Business Tip: Measuring Customer Satisfaction

If you ever worked in a customer service oriented business, you know the importance of measuring customer satisfaction (CSAT). By in large, most industries want happy customers to get repeat business and better word of mouth marketing. What's a company with no repeat business and bad word of mouth marketing? A bankrupt one. Whether your company is a clothing store, or a computer store -- you want to know what the customer thinks of you.

Proper steps of measuring customer satisfaction (CSAT):
1. Find your customer population.
2. Get a random sample.
3. Survey the random sample.

Find Your Customer Population
Let's take for example that you own an Internet service provider with 1 million customers. You want to measure whether your customers are happy with the service. To find the correct population, you need to remove yourself and other non-paying accounts (ie: employees).

Get A Random Sample
A random sample is a subset of the population that is non-bias and represent all possibilities. Let's take for example the ISP company that has 1 million customers. We need to get a sample size from it without choosing from a "bias" approach.

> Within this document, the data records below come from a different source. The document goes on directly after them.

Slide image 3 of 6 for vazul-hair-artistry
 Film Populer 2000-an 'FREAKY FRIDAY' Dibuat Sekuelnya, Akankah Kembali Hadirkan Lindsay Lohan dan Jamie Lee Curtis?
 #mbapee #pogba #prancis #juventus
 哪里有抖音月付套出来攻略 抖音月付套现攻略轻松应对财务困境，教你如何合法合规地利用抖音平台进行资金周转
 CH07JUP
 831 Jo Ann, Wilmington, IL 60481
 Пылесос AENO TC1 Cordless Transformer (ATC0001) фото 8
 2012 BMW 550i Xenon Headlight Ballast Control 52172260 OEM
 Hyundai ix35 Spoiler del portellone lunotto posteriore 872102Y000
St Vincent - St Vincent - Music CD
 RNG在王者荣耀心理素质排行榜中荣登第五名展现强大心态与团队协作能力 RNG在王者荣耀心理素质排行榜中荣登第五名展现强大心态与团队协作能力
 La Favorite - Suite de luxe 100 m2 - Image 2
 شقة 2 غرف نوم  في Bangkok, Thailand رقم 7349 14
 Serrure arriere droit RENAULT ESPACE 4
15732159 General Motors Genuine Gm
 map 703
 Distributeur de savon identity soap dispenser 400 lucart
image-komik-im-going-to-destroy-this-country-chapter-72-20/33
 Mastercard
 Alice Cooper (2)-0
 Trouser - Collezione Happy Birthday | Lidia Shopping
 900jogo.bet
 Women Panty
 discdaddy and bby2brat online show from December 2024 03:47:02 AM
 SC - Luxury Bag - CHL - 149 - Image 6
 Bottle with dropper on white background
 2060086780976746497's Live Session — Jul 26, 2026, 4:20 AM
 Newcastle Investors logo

A common "bias" mistake that ISP companies use to measure CSAT is to survey only the customers that contact the help desk or customer service desk. This approach is flawed. The majority of the people that contact the help desk or customer service desk has problems and they are already not satisfied in one way, shape or form.

Survey the Random Sample
Surveying requires proper wording, and proper timing. Your wording and scoring should be easily understood and should be non-biased against or for the company.

One of the worst CSAT scales I've ever seen came from a former client where they measured CSAT surveys from 1 to 10. This subjective measurement does nothing for you. Many people consider "5" as adequate and "6" as good. A preferable approach is: "Bad, Fair, Neutral, Good, or Very Good".

Timing also is important. For instance, if you're doing phone surveys -- you really don't want to survey your customers when they are at work and they are not answering their home phone. Neither would you want to survey people when they are eating dinner or sleeping. For mailings, you would probably want to survey customers right after the peak seasons, where you want to measure your "true" customer base.

Conclusion
Surveys can be a great and positive tool for your company, especially if it is done right. Consult with a statistician or a math professor if you think you need to start surveying customers. A math wiz can tell you about other survey factors such as margin of errors and confidence levels. If you fail to consult a credible third party before you survey, you may fall into what I call the "survey trap" -- where you make decisions on flawed data.

On a personal experience, I've seen clients in the survey trap and I think to this day, they are still in it. They are constantly terminating contracts, employees, and other problems for the sake of percentages and numbers that show up on their computers. There are legal consequences for these issues as well -- terminating employees for bad survey data can cost millions in unemployment hearings, wrongful termination suits, and co-employment lawsuits [co-employment is when a company has some control in a contractor's business/employees].